L’indagine ha visto la collaborazione dei carabinieri di Torino, Alessandria, Pavia e Piacenza e la polizia cantonale del Ticino per l’individuazione degli anelli finali di questa filiera dell’oro molto conosciuta da chi aveva bisogno di ricettare i bottini.

Tutti gli arrestati, infatti, erano noti nel giro perché valutavano i gioielli rubati più di altri ricettatori e poi perché erano “puntali” nel pagamento.

Difficile stabilire una “base” dell’organizzazione, perché, come ha sottolineato il tenente colonnello Pierantonio Breda, comandante provinciale, i suoi componenti erano “presenze fluide”, sfuggenti, difficili da intercettare, che cambiavano continuamente dimore, si spostavano in orari di punta per diminuire le probabilità di essere fermati e controllati e conducevano una vita apparentemente modesta per non attirare l’attenzione delle forze dell’ordine.

«La loro “professionalità” – ha sottolineato il tenente colonnello Balbo, comandante del Reparto Operativo di Asti – ha favorito la commissione di furti e truffe, perché rendevano conveniente e molto più facile, rispetto al passato, la ricettazione dell’oro. Per questo motivo i sei arresti hanno segnato un duro colpo a tutto quel mondo criminale».

E di quanto fossero sfuggenti e prudenti ha parlato anche il maggiore Gallucci, comandante del Nucleo Investigativo che ha sottolineato come fossero bene attenti ad utilizzare mezzi, depositi e dimore intestati ad altri o comunque non riconducibili a loro.

Le indagini hanno consentito di delineare anche le singole responsabilità.

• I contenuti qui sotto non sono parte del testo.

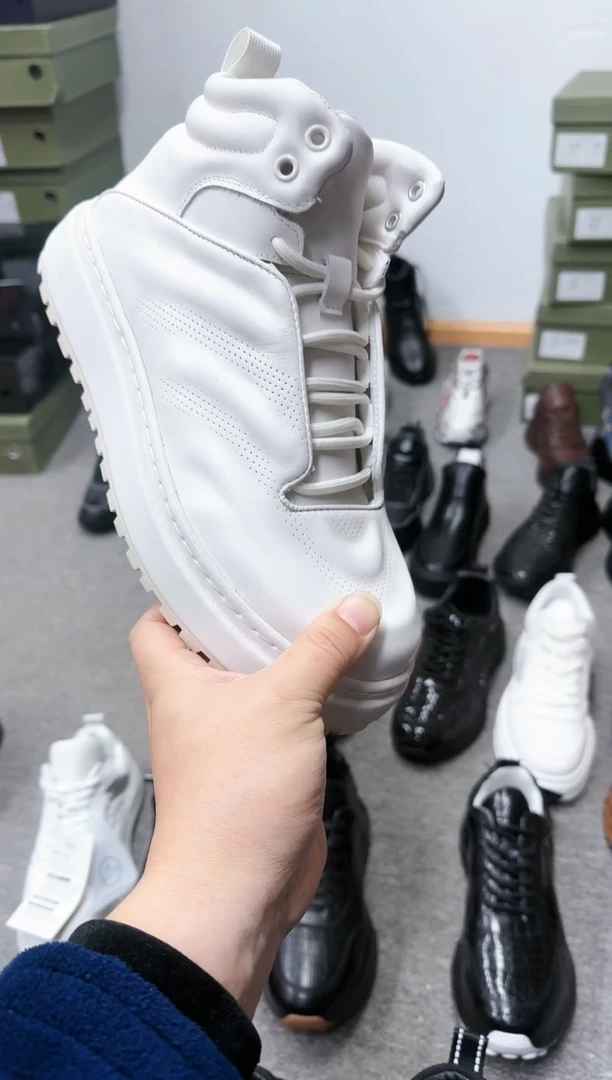 磨砂皮（牛皮）40码白色3032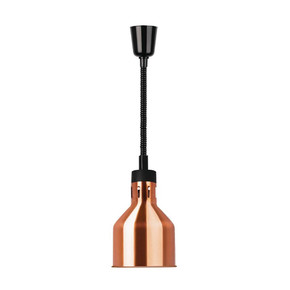 Apuro DR757-A Retractable Heat Lamp Shade Copper Finish Apuro DR757-A Retractable Heat Lamp Shade Copper Finish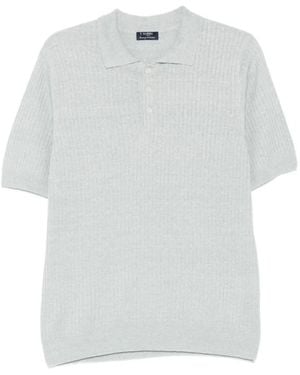 Barba Napoli Polo Shirts - White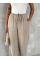Ayrobin Oversize Pantalon - Bej Ayrobin Oversize Pantalon - Bej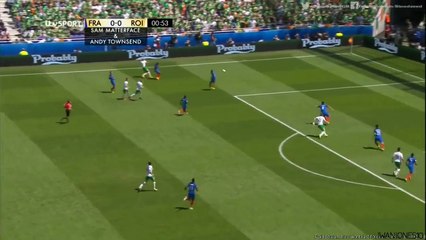 France vs Irlande 2-1 Euro 2016 tous les buts - 2016.06.26
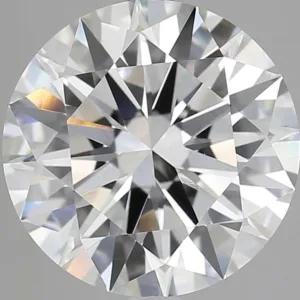 6.03 Carat Round F VVS2 Lab Diamond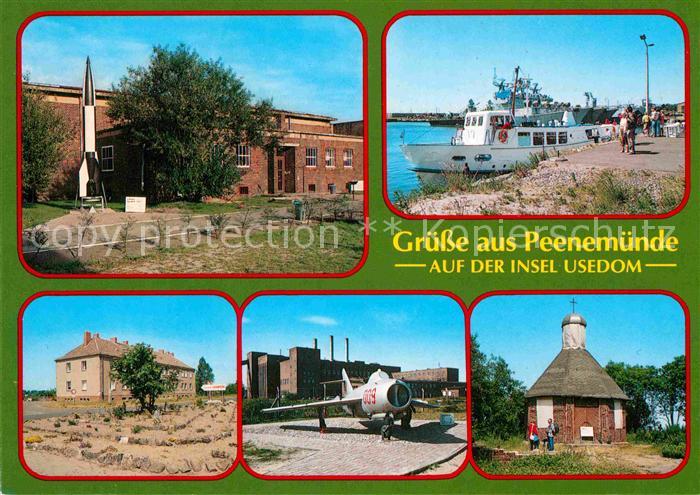 Peenemuende Techn Museum Details Bootsanlegestelle Kapelle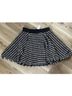 Milly Checkered-gingham Tweed Black White Casual Skirt Size 4 - photo 4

Per quanto riguarda gli astigiani Piramide e Lafleur, il loro coinvolgimento riguarda la disponibilità delle loro abitazioni (insieme alla roulotte di Cena e Proietti nel campo nomadi di Pavia) dove avveniva la trasformazione dei gioielli in lingotti tramite fusione. Era poi Attilio Cena che portava i lingottini in Svizzera per consegnarli a Talarico e Aliano; sempre lui quando tornava in Italia con i contanti provento della vendita provvedeva a dividere i profitti fra tutti.

Cena Attilio è considerato il dominus di questa organizzazione mentre Lafleur e Piramide sono ritenuti i suoi più stretti collaboratori. Fra coloro che riceveva i gioielli e, a sua volta, li passava a Piramide, vi era anche  Oliveri; gli inquirenti gli attribuiscono diverse consegne, delle quali una anche la vigilia di Natale per averne abbastanza da fare una “fusione”.